We don't know but we're entirely willing to believe that it could be so. However, we can't see this part of it at all:

Professor Noel Sharkey, Co-Director of the Foundation for Responsible Robotics, said more women need to be encouraged into the IT industry to redress the automatic bias.

He said the deep learning algorithms which drive AI software are “not transparent”, making it difficult to to redress the problem.

Currently approximately 9 per cent of the engineering workforce in the UK is female, with women making up only 20 per cent of those taking A Level physics.

“We have a problem,” Professor Sharkey told Today.

“We need many more women coming into this field to solve it.”
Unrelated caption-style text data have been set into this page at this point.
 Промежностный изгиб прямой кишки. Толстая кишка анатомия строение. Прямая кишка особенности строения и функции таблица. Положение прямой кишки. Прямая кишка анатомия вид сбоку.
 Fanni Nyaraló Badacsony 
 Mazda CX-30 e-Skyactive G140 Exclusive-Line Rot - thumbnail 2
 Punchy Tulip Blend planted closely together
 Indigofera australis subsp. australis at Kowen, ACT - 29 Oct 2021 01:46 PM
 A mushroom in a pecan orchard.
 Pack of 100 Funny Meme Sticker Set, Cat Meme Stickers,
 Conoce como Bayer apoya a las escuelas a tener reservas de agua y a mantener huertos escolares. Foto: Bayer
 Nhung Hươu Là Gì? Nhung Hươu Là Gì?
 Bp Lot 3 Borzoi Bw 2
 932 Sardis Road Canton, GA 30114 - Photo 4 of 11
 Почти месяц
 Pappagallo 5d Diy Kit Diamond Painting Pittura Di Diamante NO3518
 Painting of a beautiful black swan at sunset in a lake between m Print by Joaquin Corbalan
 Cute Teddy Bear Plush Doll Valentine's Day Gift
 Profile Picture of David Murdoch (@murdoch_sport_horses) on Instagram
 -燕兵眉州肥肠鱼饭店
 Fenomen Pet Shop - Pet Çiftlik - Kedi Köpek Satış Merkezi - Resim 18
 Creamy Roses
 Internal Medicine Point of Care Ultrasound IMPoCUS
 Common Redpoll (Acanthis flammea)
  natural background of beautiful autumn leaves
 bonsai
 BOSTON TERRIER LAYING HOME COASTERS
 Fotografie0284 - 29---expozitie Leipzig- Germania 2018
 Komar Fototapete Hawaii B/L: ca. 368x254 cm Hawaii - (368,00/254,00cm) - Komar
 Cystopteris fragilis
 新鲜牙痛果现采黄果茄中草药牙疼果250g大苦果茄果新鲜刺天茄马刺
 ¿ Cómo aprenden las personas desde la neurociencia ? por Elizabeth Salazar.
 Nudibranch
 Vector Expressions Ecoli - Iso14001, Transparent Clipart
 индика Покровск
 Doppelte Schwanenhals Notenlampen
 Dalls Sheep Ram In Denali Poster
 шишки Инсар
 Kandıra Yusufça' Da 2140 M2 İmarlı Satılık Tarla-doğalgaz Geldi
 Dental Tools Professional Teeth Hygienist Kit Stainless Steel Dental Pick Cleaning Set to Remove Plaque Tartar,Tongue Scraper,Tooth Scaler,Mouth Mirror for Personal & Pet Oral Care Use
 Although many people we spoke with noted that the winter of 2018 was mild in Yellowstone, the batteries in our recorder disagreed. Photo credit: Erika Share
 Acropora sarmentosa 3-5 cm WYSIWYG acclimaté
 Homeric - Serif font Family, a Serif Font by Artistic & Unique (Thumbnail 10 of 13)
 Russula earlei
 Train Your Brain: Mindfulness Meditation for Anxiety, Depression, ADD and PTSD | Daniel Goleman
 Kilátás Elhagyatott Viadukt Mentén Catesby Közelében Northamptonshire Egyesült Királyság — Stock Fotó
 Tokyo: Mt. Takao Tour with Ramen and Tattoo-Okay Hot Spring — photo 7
It's only if men and women are the same that there's any reason to expect equal interest in any part of our world. But here we've an appeal to difference as a reason for there to be an equal outcome.

Yet that's not the only illogicality. The claim is that the basic data supplied by society is biased, this creates the bias in the AIs. How does the gender or sex of the engineers change that? Further, now alerted to it shouldn't any competent engineer be able to zero in on the solution, assuming there is one, regardless of sex or gender? 

We're entirely aware that there's a societal mantra at present, a ritual obeisance, insisting that there must be more female engineers because. We're also absolutely delighted with the idea that if there is some bias holding back people from being able to maximise their utility that such is on the way to eradication. But we really do hope that engineering, even of the societal kind, continues to be based upon science rather than religion, however modern that  theology is.

We do think it's rather the point of engineering after all.